In a healthy and functional Republic, the rule of law is accepted by all political factions as a baseline for order and security.
As a free people, we may agree or disagree about many things as individuals. In voluntary groups, we might organize and lobby for policies, programs and laws that lead to desired outcomes.
We can and should debate such matters, and either vote on them as individuals or through our freely elected representatives.
Once such matters are decided by democratic means, the rule of law impels us to respect those decisions, even if they are not what we ourselves favored, as long as such rules or laws are consistent with the foundational social compact under which we have agreed to be governed. In the United States, that would be our Constitution, and for each individual state in the Union, their own constitutions whose provisions must accord with superior Federal law.

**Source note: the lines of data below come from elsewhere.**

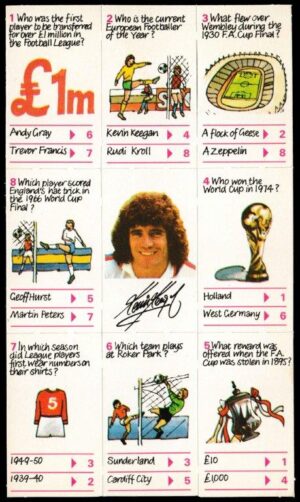 Nabisco - 'Kevin Keegans Quiz Game' (1980) - Complete Set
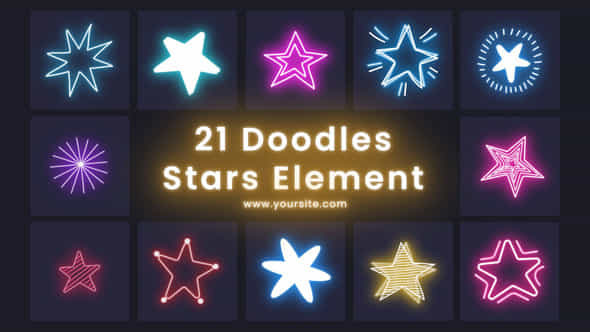 Doodles ColorfulStars 21 - VideoHive 43641700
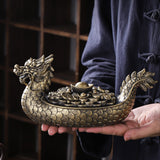 Vintage Dragon Lidded Ashtray Resin Large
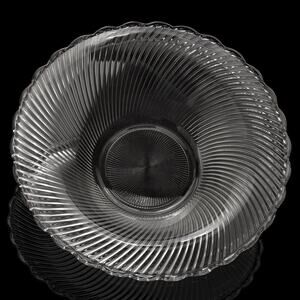 Vintage Federal Glass Diana 12” Swirl Ribbed Bowl ArtDeco Depression Centerpiece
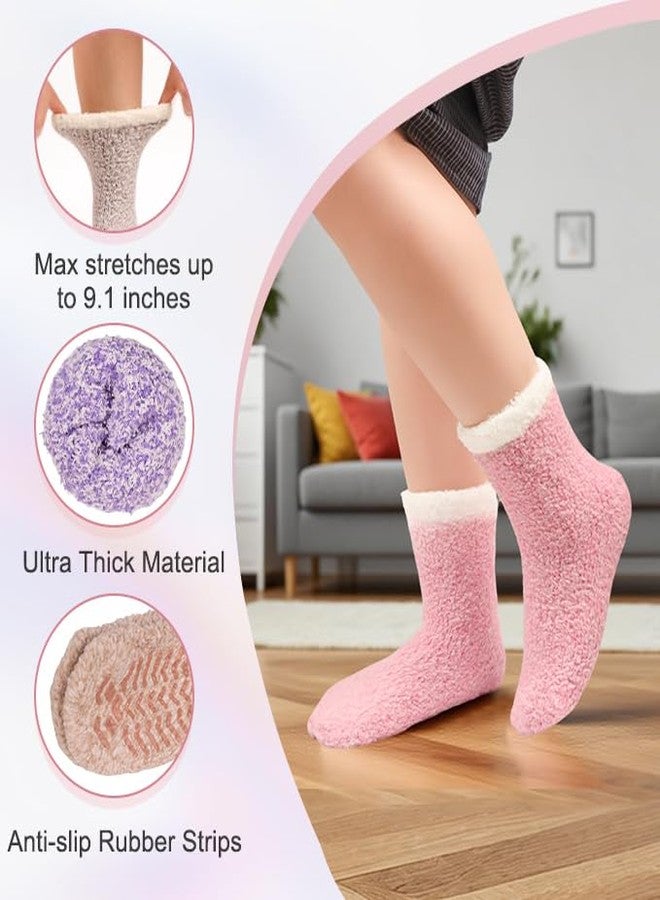 yafeite Fuzzy Socks for Women with Grippers - Slipper Socks Grippy, Cozy Non-Slip Socks for Women, Warm Winter Comfy Fluffy Sleep House Sock s 4 Pairs - Image 5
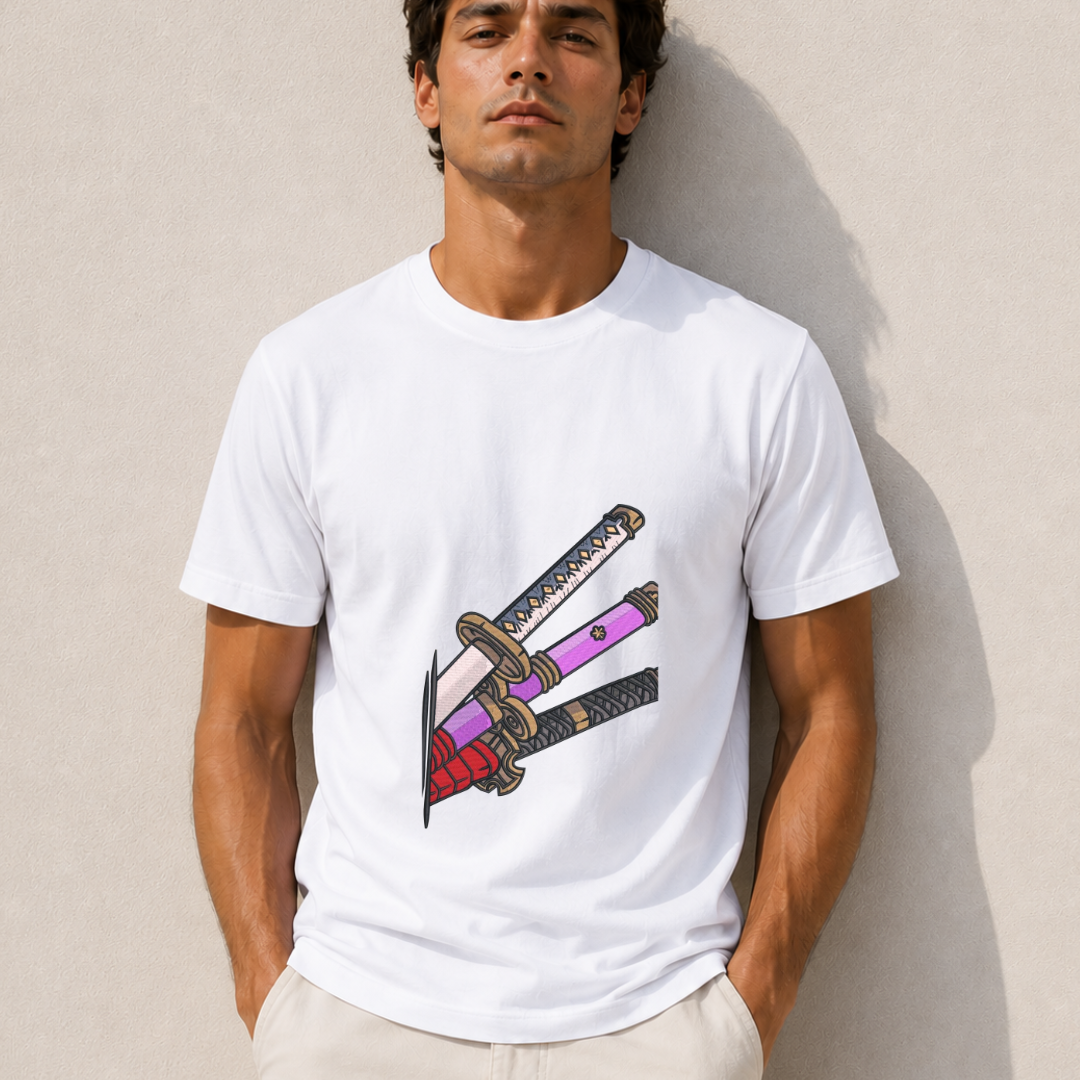 Three Swords Oversized T-Shirt - Black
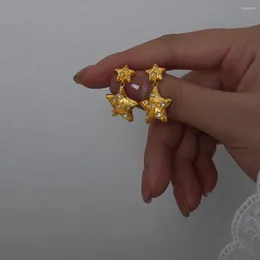 Dangle Earrings Star Drop For Women Girl Trendy Shiny Crystal Jewellery Stud Gold Plated Stainless Steel Ear Gift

When individuals or groups no longer agree to be bound by such rules, and instead seek to circumvent them to achieve what could not otherwise be accomplished through the accepted processes and procedures of voting or law-making: the rule of law is rendered ineffectual, and its enabling statutes reduced to meaningless words.
What happens then, when an entire political movement (and the party that claims to represent it) no longer truly respects, values or recognizes as valid the very foundational documents, the organizational structures and the procedural rules that it once established for governance of the nation?
I ask only because that is where I believe we are right now. I do not expect that most people who wish to continue life under the same documents and principles will find comfort in the answers.